_Work task_. The answer must consist of every line from the entries below that contains the word "Building".
[Records shown — start]
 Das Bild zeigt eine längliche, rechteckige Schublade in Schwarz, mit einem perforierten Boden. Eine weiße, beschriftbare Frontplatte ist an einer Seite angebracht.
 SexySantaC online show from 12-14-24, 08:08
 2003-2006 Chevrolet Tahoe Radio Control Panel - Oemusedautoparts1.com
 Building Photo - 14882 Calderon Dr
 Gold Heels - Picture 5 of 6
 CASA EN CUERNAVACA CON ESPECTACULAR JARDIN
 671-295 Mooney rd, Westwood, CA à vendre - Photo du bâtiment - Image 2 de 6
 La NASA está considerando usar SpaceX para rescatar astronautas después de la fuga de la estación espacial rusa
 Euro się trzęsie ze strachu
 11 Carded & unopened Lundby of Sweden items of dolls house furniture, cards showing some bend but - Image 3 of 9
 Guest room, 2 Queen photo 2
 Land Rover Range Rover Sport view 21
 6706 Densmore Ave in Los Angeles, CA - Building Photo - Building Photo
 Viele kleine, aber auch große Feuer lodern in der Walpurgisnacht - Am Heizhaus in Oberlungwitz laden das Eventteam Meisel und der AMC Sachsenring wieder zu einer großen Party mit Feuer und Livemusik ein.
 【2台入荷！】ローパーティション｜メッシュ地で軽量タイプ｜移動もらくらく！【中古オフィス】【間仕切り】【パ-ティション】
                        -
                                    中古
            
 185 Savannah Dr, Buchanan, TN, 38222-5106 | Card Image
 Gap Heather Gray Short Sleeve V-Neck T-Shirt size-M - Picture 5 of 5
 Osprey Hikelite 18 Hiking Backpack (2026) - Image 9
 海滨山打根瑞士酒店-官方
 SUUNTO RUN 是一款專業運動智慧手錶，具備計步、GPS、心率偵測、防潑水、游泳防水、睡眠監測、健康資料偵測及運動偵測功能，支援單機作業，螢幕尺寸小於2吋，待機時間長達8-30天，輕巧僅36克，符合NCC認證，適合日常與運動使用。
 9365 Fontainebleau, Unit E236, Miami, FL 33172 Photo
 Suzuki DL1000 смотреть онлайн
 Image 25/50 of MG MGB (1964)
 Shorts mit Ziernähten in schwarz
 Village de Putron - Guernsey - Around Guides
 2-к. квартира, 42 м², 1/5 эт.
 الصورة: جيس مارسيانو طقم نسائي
[Records shown — finish]
_Task output_.
 Building Photo - 14882 Calderon Dr
 6706 Densmore Ave in Los Angeles, CA - Building Photo - Building Photo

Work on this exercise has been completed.